-- Data excerpts follows --

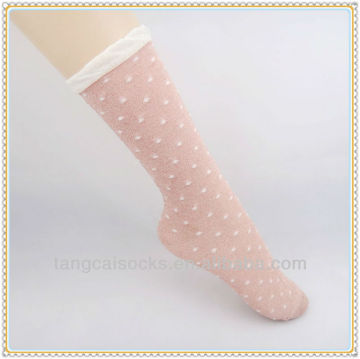 luxury women 84N double cylinder jacquard lace socks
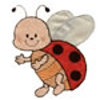 Ladybug Applique Embroidery Design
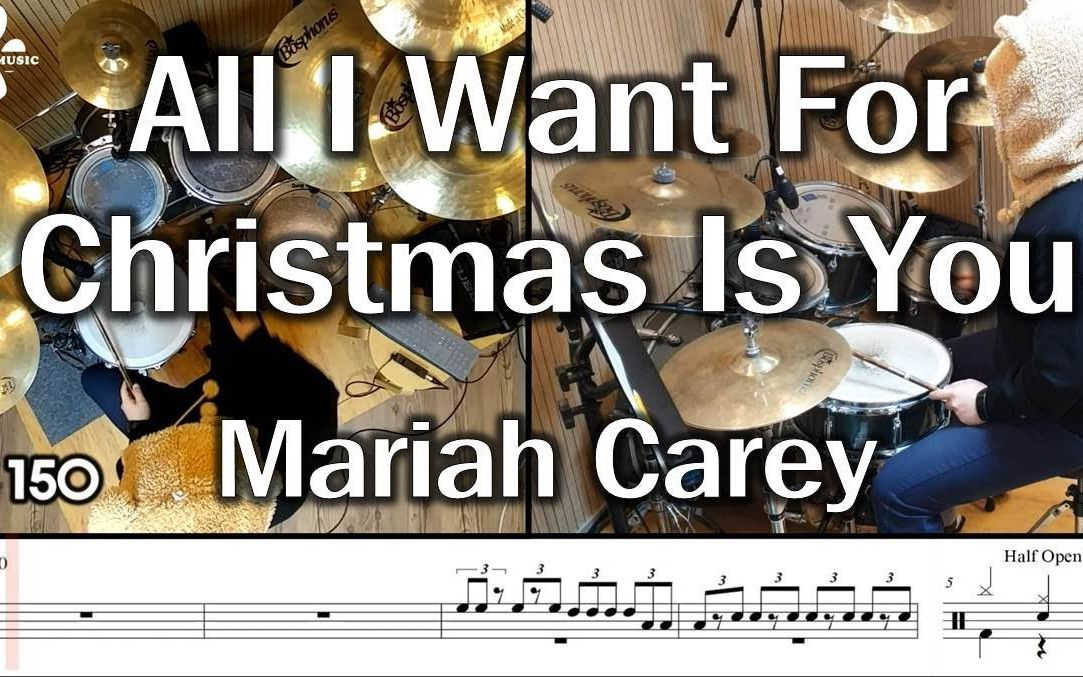 [图]【架子鼓】 【All I Want For Christmas Is You】 Cover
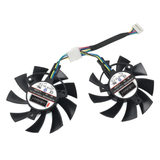 For ASUS TUF Gaming GeForce GTX 1660 1650 RTX 2060 SUPER OC Edition 75MM FD8015U12S T129215BU Graphics Card Cooling Fan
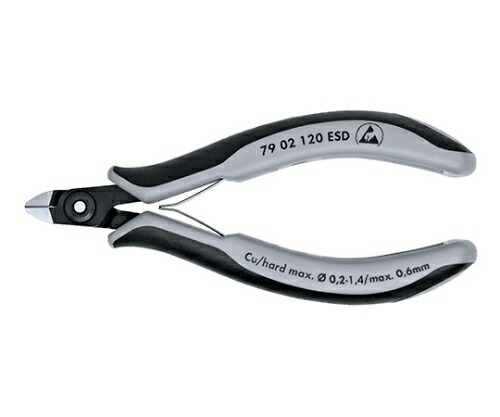 KNIPEX エレクトロニクスニッパー　ＥＳＤ 1本 7902-120ESD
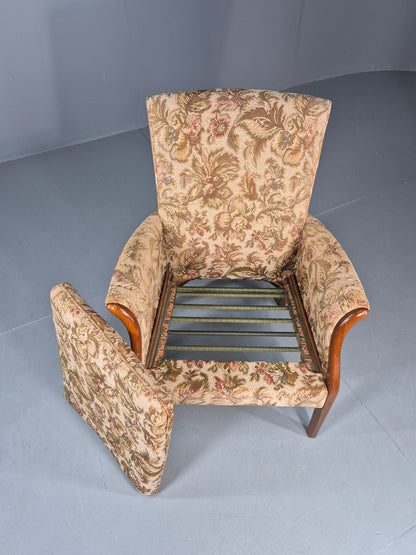 Vintage Parker Knoll Retro 1960s Armchair Floral Upholstery Beech Frame EB12167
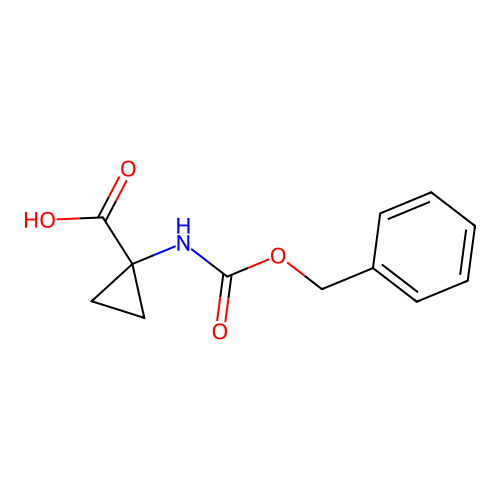1-{[(Benzyloxy)carbonyl]amino}cyclopropane-1-carboxylic acid structure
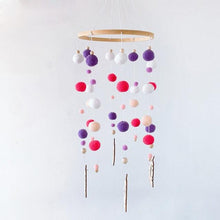 Load image into Gallery viewer, Dream Catcher Nordic Baby Room Wind Chime Bed Bell Decor Wool Ball Kids Bedroom Lovely Wooden Bead Bed Felt Baby Ceiling Mobiles Toys Infant Nursing Accessories Wall Hanging Decoration Ornaments Photography Prop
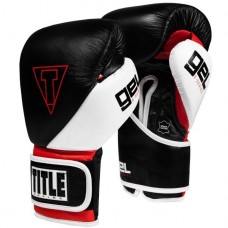 Рукавички тренувальні TITLE GEL® E-Series Training Gloves чорний / білий / червоний
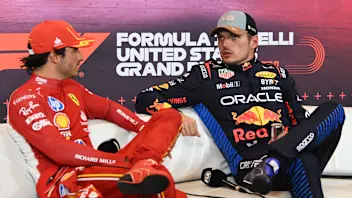 AUSTIN, TEXAS - OCTOBER 19: Sprint winner Max Verstappen of the Netherlands and Oracle Red Bull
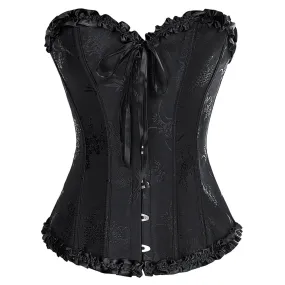 Renaissance Lace-up Back Corset Strapless Sweetheart Body Shape Costume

-- Data excerpts concluded --

The records must appear again word for word, though none of their pictures should.

 luxury women 84N double cylinder jacquard lace socks
 Ladybug Applique Embroidery Design
 [图]【架子鼓】 【All I Want For Christmas Is You】 Cover
 For ASUS TUF Gaming GeForce GTX 1660 1650 RTX 2060 SUPER OC Edition 75MM FD8015U12S T129215BU Graphics Card Cooling Fan
 KNIPEX エレクトロニクスニッパー　ＥＳＤ 1本 7902-120ESD
 Vintage Parker Knoll Retro 1960s Armchair Floral Upholstery Beech Frame EB12167
1-{[(Benzyloxy)carbonyl]amino}cyclopropane-1-carboxylic acid structure
 Load image into Gallery viewer, Dream Catcher Nordic Baby Room Wind Chime Bed Bell Decor Wool Ball Kids Bedroom Lovely Wooden Bead Bed Felt Baby Ceiling Mobiles Toys Infant Nursing Accessories Wall Hanging Decoration Ornaments Photography Prop
 Рукавички тренувальні TITLE GEL® E-Series Training Gloves чорний / білий / червоний
 AUSTIN, TEXAS - OCTOBER 19: Sprint winner Max Verstappen of the Netherlands and Oracle Red Bull
 Renaissance Lace-up Back Corset Strapless Sweetheart Body Shape Costume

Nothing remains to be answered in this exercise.